Task input below:

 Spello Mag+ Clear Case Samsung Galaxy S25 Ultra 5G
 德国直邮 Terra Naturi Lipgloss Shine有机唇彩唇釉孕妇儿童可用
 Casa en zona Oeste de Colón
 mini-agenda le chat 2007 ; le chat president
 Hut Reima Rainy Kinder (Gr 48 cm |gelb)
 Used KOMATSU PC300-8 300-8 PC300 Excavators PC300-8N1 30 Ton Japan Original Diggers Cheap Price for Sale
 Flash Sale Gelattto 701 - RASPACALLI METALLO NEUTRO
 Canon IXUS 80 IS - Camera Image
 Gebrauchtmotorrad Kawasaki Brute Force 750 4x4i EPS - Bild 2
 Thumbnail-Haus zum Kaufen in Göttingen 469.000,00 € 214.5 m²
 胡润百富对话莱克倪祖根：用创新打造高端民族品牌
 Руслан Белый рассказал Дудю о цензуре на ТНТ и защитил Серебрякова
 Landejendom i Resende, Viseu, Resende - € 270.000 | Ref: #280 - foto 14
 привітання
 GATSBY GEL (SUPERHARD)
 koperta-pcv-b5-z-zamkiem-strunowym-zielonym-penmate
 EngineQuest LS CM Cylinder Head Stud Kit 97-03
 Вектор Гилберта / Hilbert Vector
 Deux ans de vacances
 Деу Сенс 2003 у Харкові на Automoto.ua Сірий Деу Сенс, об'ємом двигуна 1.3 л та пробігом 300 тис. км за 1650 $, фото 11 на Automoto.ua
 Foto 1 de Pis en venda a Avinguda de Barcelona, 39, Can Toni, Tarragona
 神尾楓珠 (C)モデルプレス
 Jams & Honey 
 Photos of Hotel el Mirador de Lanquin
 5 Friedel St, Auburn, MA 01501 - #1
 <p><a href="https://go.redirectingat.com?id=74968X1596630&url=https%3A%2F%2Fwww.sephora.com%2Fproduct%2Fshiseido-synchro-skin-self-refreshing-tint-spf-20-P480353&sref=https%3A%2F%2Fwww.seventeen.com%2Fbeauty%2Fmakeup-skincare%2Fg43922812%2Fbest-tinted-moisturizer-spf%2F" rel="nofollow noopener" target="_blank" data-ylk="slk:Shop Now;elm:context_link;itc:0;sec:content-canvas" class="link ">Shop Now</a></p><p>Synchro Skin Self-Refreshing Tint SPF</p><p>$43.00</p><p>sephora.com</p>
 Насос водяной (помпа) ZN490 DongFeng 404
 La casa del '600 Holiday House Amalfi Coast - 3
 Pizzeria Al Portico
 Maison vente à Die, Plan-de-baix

End of Task input.

What lines of the material above hold the string "Sale"? Please copy them.

Task output -
 Used KOMATSU PC300-8 300-8 PC300 Excavators PC300-8N1 30 Ton Japan Original Diggers Cheap Price for Sale
 Flash Sale Gelattto 701 - RASPACALLI METALLO NEUTRO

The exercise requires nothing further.